■ About this exercise: With pictures left out, return only the lines from the line containing "vidaXL Aparador con 10 cajones madera blanco 113x30x79 cm vidaXL" through the end of the material below, both included.

■ Data excerpt:

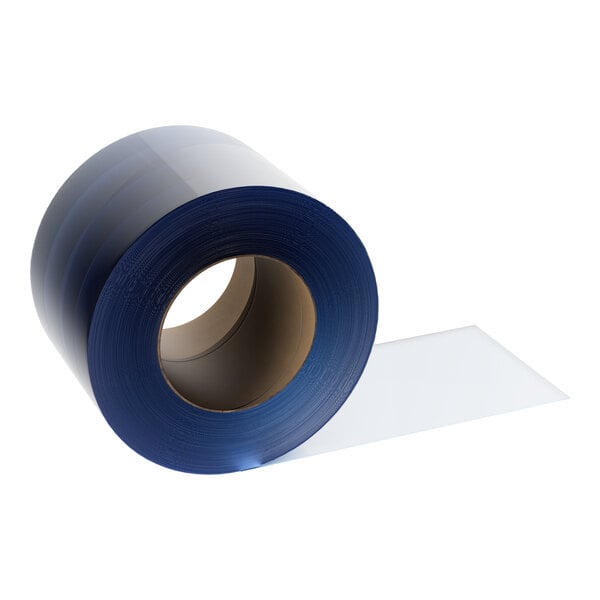 A 100ft roll of blue Kason strip curtain plastic.
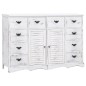 vidaXL Aparador con 10 cajones madera blanco 113x30x79 cm vidaXL Aparador con 10 cajones madera blanco 113x30x79 cm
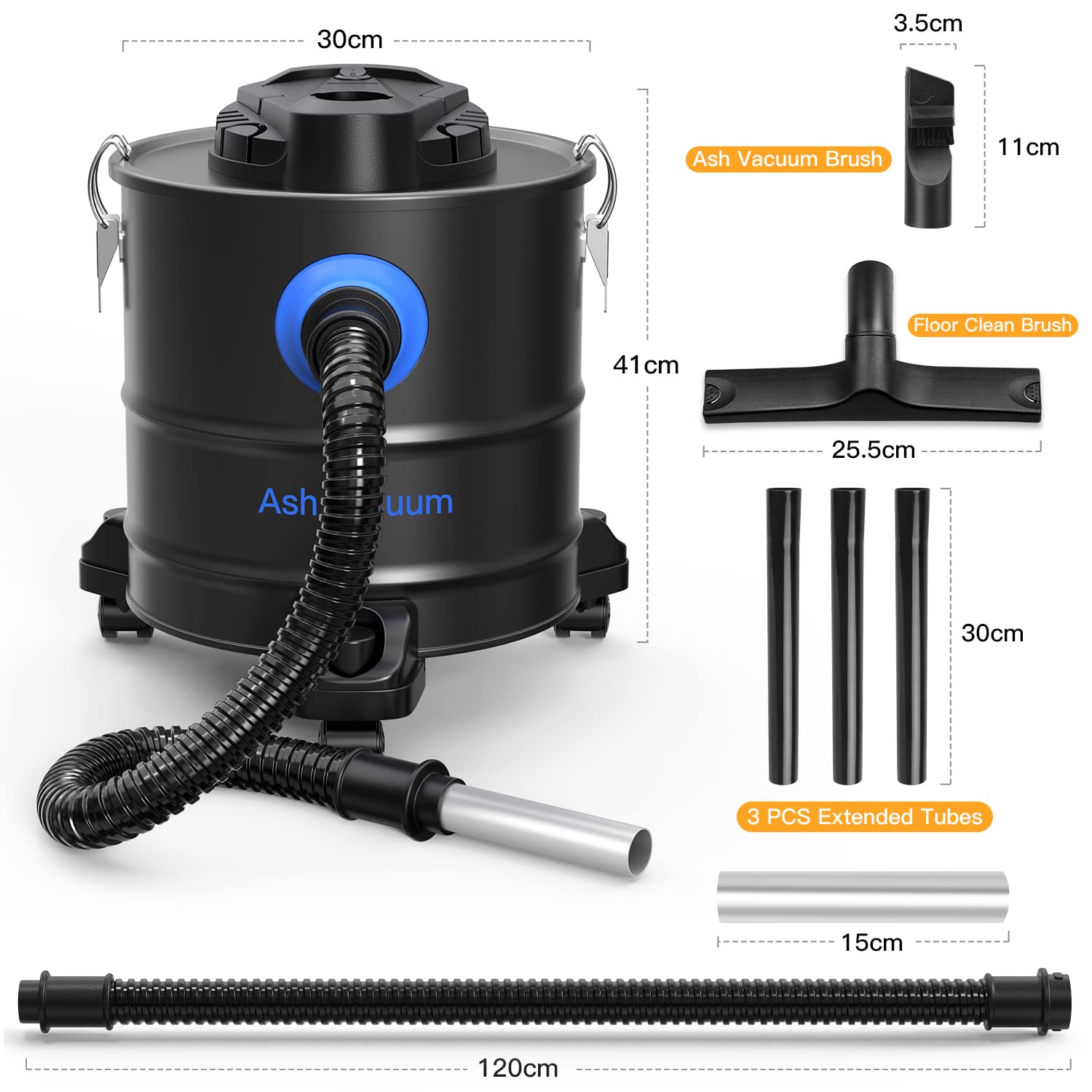 Aspirapolvere per ceneri per camino, aspirapolvere industriale con sistema a doppio filtro, 4 tipi di testine di rimozione cenere, aspirapolvere, 20 litri di capacità, in acciaio inox,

■ Solved exercise:
 vidaXL Aparador con 10 cajones madera blanco 113x30x79 cm vidaXL Aparador con 10 cajones madera blanco 113x30x79 cm
 Aspirapolvere per ceneri per camino, aspirapolvere industriale con sistema a doppio filtro, 4 tipi di testine di rimozione cenere, aspirapolvere, 20 litri di capacità, in acciaio inox,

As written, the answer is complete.